Officially announced this week, Richard Napolitano has taken the reins from former Plexxi CEO David Husak. A member of Plexxi’s board for several years, Napolitano worked alongside Husak to launch Plexxi and recently was convinced to lead the company. In our exclusive interview with the new CEO, Napolitano expands on the future of IT, big data, and Plexxi.
SDNCentral: Let’s start with the obvious, Rich. You have an impressive background, having driven more than $4 billion annually in revenue and led more than 2,000 people at EMC. But how does someone with a strong storage background end up as the CEO of a networking company?
Napolitano: The future of IT isn’t about networking any more than it is about storage. Where we are headed as an industry — and by industry, I mean all infrastructure — is more about the applications than the disaggregated components. How do compute, storage, and networking work in concert to deliver some application experience? We believe these come together as what we and others call the Third Platform. And we believe that this platform is application-centric but oriented around the data that makes next-generation applications powerful.

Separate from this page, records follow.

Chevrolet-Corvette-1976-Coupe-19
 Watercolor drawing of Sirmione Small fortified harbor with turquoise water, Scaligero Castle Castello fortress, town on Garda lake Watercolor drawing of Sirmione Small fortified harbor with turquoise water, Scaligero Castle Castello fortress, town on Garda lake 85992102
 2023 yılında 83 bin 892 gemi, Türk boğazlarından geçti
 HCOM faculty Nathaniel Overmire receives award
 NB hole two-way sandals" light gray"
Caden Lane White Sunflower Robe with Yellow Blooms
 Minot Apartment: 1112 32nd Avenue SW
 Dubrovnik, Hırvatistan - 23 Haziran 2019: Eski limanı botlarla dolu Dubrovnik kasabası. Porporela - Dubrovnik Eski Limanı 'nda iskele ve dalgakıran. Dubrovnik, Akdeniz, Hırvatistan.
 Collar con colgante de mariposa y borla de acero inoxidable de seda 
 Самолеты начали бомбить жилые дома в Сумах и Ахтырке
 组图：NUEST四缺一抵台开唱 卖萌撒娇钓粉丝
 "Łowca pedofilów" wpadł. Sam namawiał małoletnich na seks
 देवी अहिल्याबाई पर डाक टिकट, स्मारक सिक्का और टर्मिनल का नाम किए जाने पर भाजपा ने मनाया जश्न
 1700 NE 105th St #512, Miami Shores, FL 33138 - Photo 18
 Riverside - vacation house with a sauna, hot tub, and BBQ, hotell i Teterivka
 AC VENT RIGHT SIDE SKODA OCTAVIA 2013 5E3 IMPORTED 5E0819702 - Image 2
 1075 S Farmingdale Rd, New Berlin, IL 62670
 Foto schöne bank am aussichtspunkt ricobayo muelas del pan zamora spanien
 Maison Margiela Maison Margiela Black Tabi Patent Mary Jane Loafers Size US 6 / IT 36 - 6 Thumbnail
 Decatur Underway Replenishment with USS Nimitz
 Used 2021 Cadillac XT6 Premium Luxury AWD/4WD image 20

The nature of this Third Platform is that the most important elements of IT are shifting from infrastructure to applications to data. If that data is vast and distributed, then perhaps the most critical element is the network that connects it all together. I felt like Plexxi had arrived at the correct thesis strategically, had developed the necessary technology building blocks, and had accumulated a critical mass of top talent to execute against the vision. As for the timing, if you listen to customers, it’s obvious that the industry is at peak frustration. Never before has there been so much focus on topics like vendor margins and operations. The noise is because people need a different way of doing things. There is a huge opportunity for companies capable of delivering better in a world where good enough just isn’t.
You are asserting that the rise of data is important to applications and the network. Can you give some concrete examples?
One trend putting this dynamic on display is the rise of big data ecosystems. If you look at companies like Cloudera, they are providing platforms that allow data that is diverse and distributed to be accessed as a single pool of information, called a data lake. The architectural premise is that applications act on this data lake to drive results. The data might be a collection of real-time customer data for retail shops, or it could be sensor information useful in managing industrial infrastructure. Whatever the eventual use case, the two properties that are common are that the data must be unified and available just in time. This means the network that connects data and application resources is critical.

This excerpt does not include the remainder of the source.